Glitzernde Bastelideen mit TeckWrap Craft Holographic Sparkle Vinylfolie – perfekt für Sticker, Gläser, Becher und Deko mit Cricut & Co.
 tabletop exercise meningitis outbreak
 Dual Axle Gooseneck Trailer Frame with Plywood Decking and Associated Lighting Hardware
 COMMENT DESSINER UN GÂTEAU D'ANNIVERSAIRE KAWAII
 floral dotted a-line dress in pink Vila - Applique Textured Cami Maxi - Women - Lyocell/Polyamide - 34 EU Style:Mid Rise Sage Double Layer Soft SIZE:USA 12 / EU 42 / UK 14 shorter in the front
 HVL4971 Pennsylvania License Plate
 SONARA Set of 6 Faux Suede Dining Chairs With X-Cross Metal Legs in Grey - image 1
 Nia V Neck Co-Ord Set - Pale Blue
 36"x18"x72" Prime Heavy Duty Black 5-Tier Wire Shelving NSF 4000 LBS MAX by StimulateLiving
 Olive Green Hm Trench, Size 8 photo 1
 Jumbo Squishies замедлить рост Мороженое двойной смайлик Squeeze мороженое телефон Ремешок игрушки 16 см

WORK ITEM →
Reproduce verbatim the lines above, from the line with "floral dotted a-line" through the line with "Nia V Neck Co-Ord Set - Pale Blue".

FINAL ANSWER →
 floral dotted a-line dress in pink Vila - Applique Textured Cami Maxi - Women - Lyocell/Polyamide - 34 EU Style:Mid Rise Sage Double Layer Soft SIZE:USA 12 / EU 42 / UK 14 shorter in the front
 HVL4971 Pennsylvania License Plate
 SONARA Set of 6 Faux Suede Dining Chairs With X-Cross Metal Legs in Grey - image 1
 Nia V Neck Co-Ord Set - Pale Blue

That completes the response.